I have heard this question too many times. It assumes the stereotype of the teachers union as home to the despondent, bitter, lazy, kid-haters who teach to get summers off. And I must admit, I was guilty of holding this prejudice to some degree when I became chapter leader. While I, of course, wanted to take on the role to ensure the fair treatment of teachers at my school, a large part of my motivation was to slowly work to gain a voice within the UFT, so that a good teacher like me could displace an old and bitter one, in the hope that others would follow. However, what I have discovered in my interactions with people within the UFT and at the various meetings I attend is exactly what is true of teachers I have met in my career: The overwhelming majority of people who step foot into a classroom want nothing more than to do right by their kids.
Now, there is certainly disagreement on how to do this. I know people who are great, award-winning teachers who have radically different pedagogical styles than I do. They might even do some things that I would counsel the teachers I mentor against doing. But different teaching styles are necessary, as they reach different students. I would never want every teacher in the world to be exactly like me.
The same is true when it comes to educational policy. I only agree with the educational policies of the UFT slightly more often than I agree with the policies of the New York City Department of Education. I wouldn’t trust either to run schools without the checks and balances the other provides. There are times when change is a good thing, and sometimes that needs to be enforced from on high. There are also times when these “new ideas” are ridiculous and need to be stopped. There is a need for meaningful accountability for teachers. There are also times when the system acts out of expediency rather than in the best interest of students, and the union needs to be there to speak up for our students.
The area that the union is almost always right about, though, is insisting that teachers be treated as professionals. This means ensuring that we are compensated in such a way that allows one to teach, support a family, and retire. This means having meaningful, objective criteria for evaluation and layoffs that is not based on poorly constructed tests. And due to the nature of the job, this means we need tenure protection from arbitrary dismissal.

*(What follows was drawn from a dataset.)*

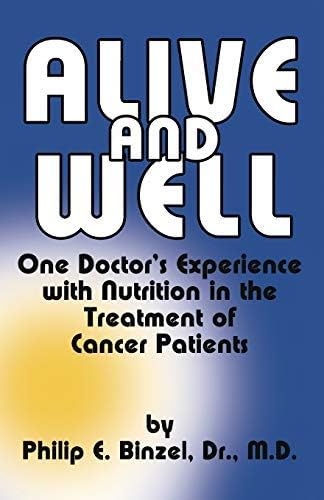 [Alive and Well: One Doctor's Experience With Nutrition in the Treatment of Cancer Patients] [By: Philip E. Binzel, Jr…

I work with a great teacher who nearly lost his job last year because students stole a copy of a grade-wide exam off his desk. I know someone in Virginia, where I started my career, who was falsely accused of sexual harassment by a student after she did poorly on an exam. I have seen teachers assigned classes for which they are neither certified nor trained to teach. I had parents calling for my dismissal my first year because I asked their children to write persuasive essays representing the opposite point of view on an issue they cared about. Great teachers are so hard to produce and find that we need a system that ensures we never arbitrarily lose them.
More than anything, however, I need the protection of my union and my tenured due process rights to consistently improve and innovate as a teacher. I am a very good teacher right now by any measurable objective standard, including that of the National Board for Professional Teaching Standards who certified me two years ago, as well as by the subjective account of anyone who has ever observed me. On my best days, I am great and every year, there are more and more of these days.
But here’s why I need tenure to get better: I need to be able to try new things to better improve my students’ learning. If I did the same thing this year that I did last year, my students’ growth would stagnate. This means taking risks.
New things do not always go well; most of the new things I try work, but some don’t. By being able to try new things, over time, I am constantly improving in my ability to serve my students, bringing me ever closer to the sustained greatness to which I aim.
If I had to worry about arbitrary dismissal as an “at-will” employee, I would not have tried many of the great things I do. I would continue doing what I have always done because it is safe. I have written before that good teaching takes courage. This is certainly the case, but seeking to improve as a teacher should never mean risking one’s job, which is exactly what I would be doing if I were still an at-will employee as I was in the right-to-work state of Virginia.